When we arrived at the Dreiländereck, it was pretty fun getting email assurance alerts from my phone service noting my presence in new countries and my continued coverage. While we enjoyed the novelty of standing in the three countries, I want to share an observation from my friend Adin after seeing our FB selfie:
"During my Berlin student days on a summer break, I visited a park where the boundaries of the Netherlands, Belgium, and Germany intersected.
I recall watching the birds flit from one “nation” to another. That's when I learned the lesson that the powerful fabricate national borders. Schengen's gone a long way towards making them much, much less relevant."
Thank you, Adin. It's a good reminder that there are too many artificial constructs that polarize us.
I want to share a few impressions of Basel that we absolutely love.
First, when we arrived at the hotel last night, we were handed a Basel card that gives us free access on all public transportation. The reduction of car traffic and a well-networked transit system has a clear impact on the carbon footprint as well as just making the city quieter. It was a Monday, and the whole day was tranquil.
Second, we see many examples where something old isn't an abandoned eyesore, but a repurposing of something beautiful. Metal containers became raised bed planters planted with wildflowers along the riverwalk. Another example that we discovered on the way to the Dreiländereck was a temporary use area of all kinds of salvaged structures ranging from old ships to freight containers. While the area is only open on the weekend, it was a marvelous collection of restaurants, lounges and dance venues. There were many creative venues, and I'm sorry that we'll miss seeing them in action.
Third, the city is immaculate. One can sense collective pride and welcoming to locals and visitors alike.

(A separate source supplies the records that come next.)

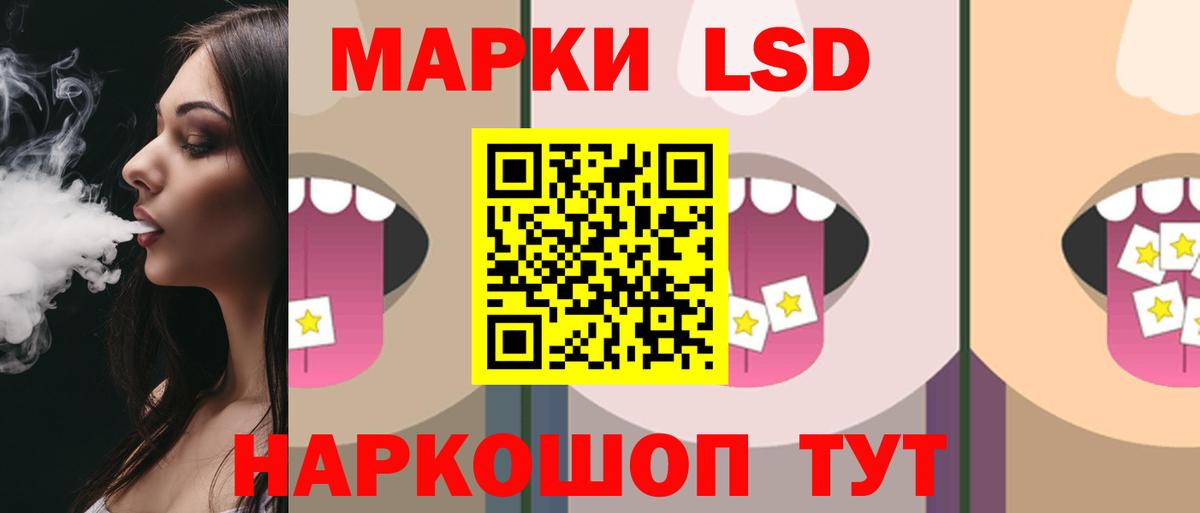 ЛСД экстази  Лсд 25 экстази кислота  Лсд 25 экстази кислота  Вход с VPN  Шебекино 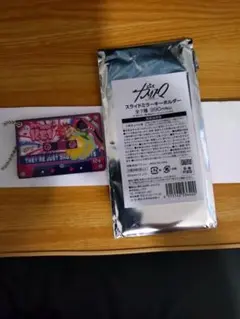 カリスマ　猿川慧　スライドミラーキーホルダー　プーさん専用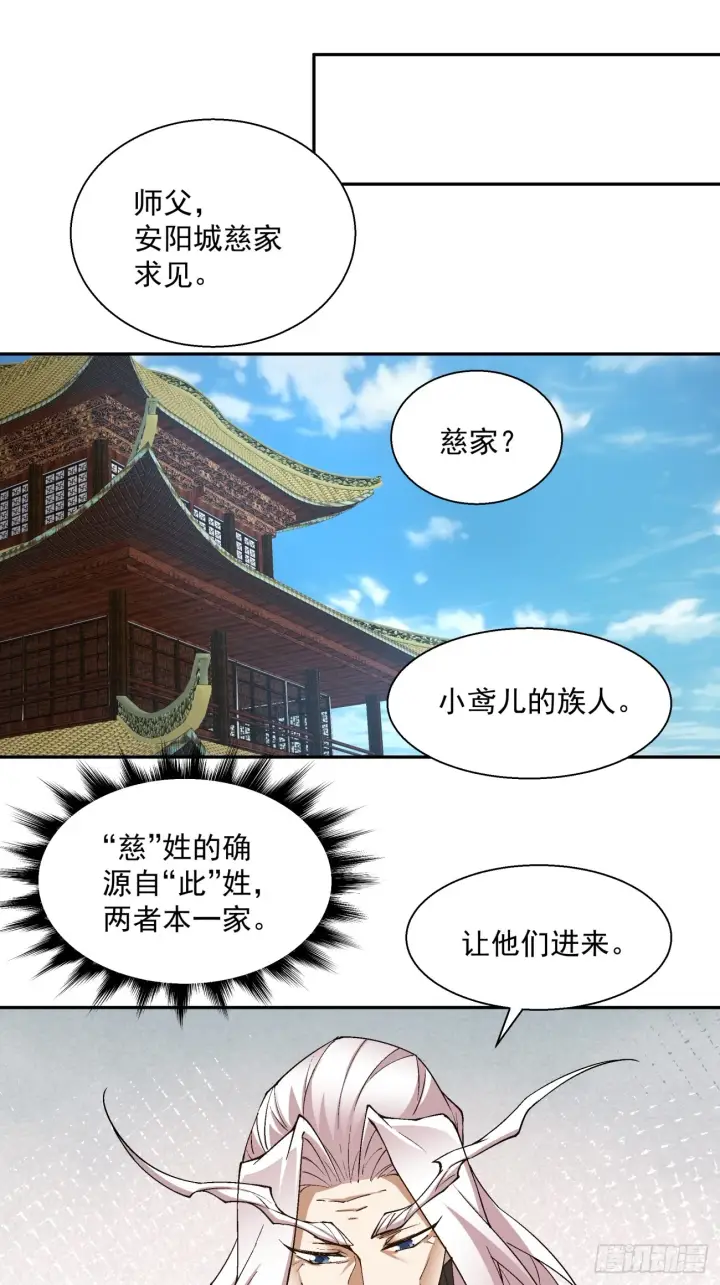 漫画《我的徒弟都是大反派》第八回第29张图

On our return trip we noticed incoming thunderheads and lightning from afar. Rather than retracing our steps, we took the metro back and we stopped at a local bookstore. It was a good thing because the skies let loose with torrents of rain and dramatic bolts of lightning. While many were not prepared for the downpour, I noticed the general amusement of the people who embraced the rain with shrieks of laughter and resignation as they sought shelter. We waited for the rains to subside, grabbed some lunch and shopped for a few shirts before heading back to the hotel. As we were walking back, we noticed a small ferry boat latched to an overhead cable to help navigate a river crossing amidst the swift current.
After a long nap, we headed out to a tiny gay bar and watched the people riding their bikes and walking. We couldn't help notice the number of adults riding bikes with cello cases strapped to their backs as they rode up hill as well as many children with stringed instrument cases who were accompanied by their parents as they walked together to their destinations.
We grabbed a burger and fries at a local restaurant and on the way home after dinner we found the art installation previously mentioned.